The consumer watchdog has confirmed it's involved in work to determine the best big-stick solution to surging energy prices.
The Australian Competition and Consumer Commission is focused on the code of conduct option, which could see the voluntary code made mandatory and the inclusion of a "reasonable pricing" principle.
"We are in the process of preparing that advice but it's premature to comment on it," ACCC chair Gina Cass-Gottlieb told a parliamentary committee on Thursday.
At this stage, no gas supplier has signed up to the voluntary code.
She said price mechanisms at the wholesale level were top of the agenda but capping retail prices had not been ruled out.

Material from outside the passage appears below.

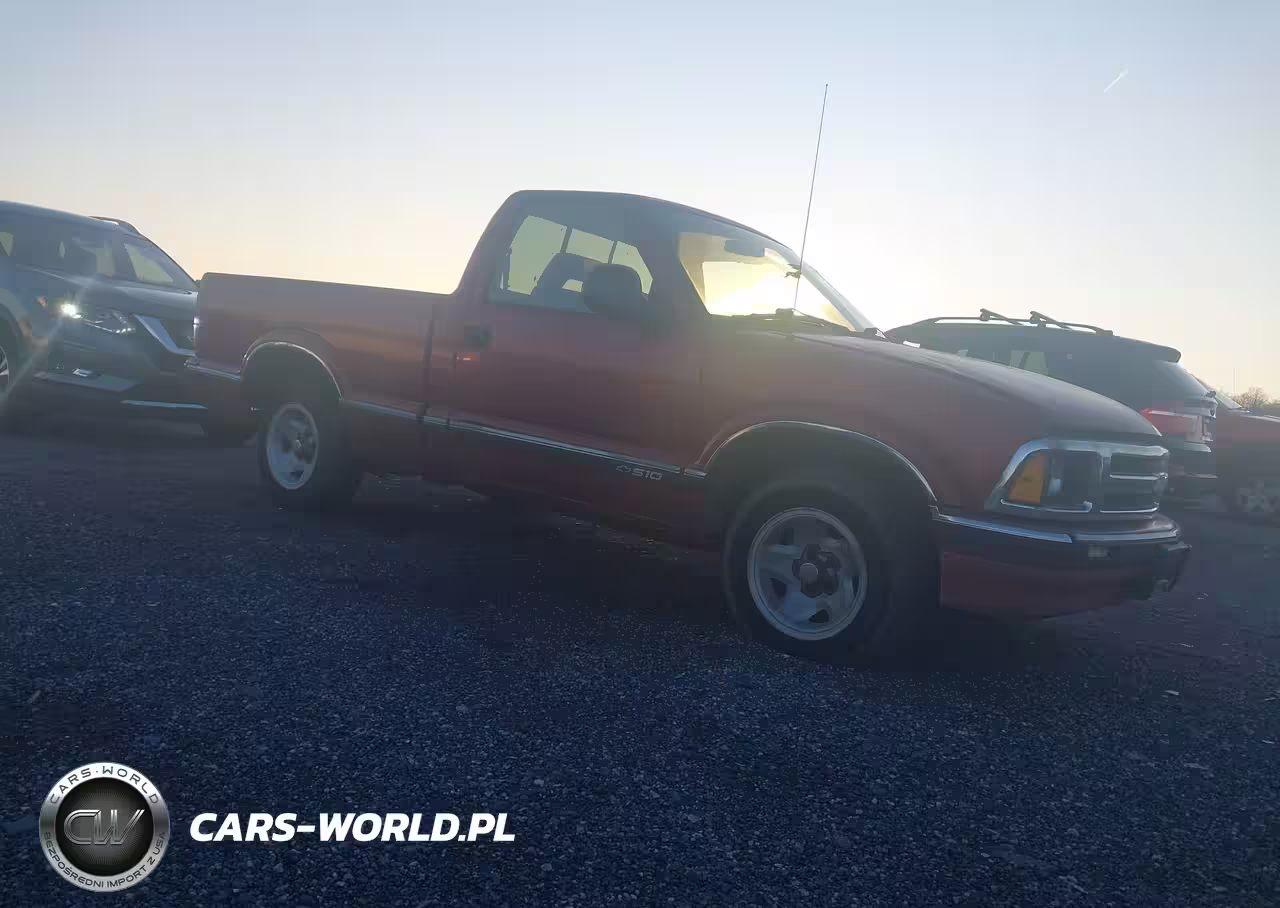 1996 Chevrolet S Truck S10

The ACCC chair said it was not investigating the option of a super profits tax on gas companies.
On Tuesday, senior Treasury officials said they backed government intervention in energy markets to push prices down.
Finance Minister Katy Gallagher also explained why price was not embedded into the heads of agreement brokered by the resources minister with gas exporters.
She said the government had faced back-to-back challenges on energy since taking office and supply shortages were the concern when the agreements were negotiated.
"I'm not saying that dealt with every issue we're seeing in the energy market at the moment - that's clearly not the case - but it dealt with part of the problem," Senator Gallagher said.
LNP senator Susan McDonald asked if energy players had raised concerns about a price cap or any other price-restricting mechanism leading to lower gas supplies more broadly.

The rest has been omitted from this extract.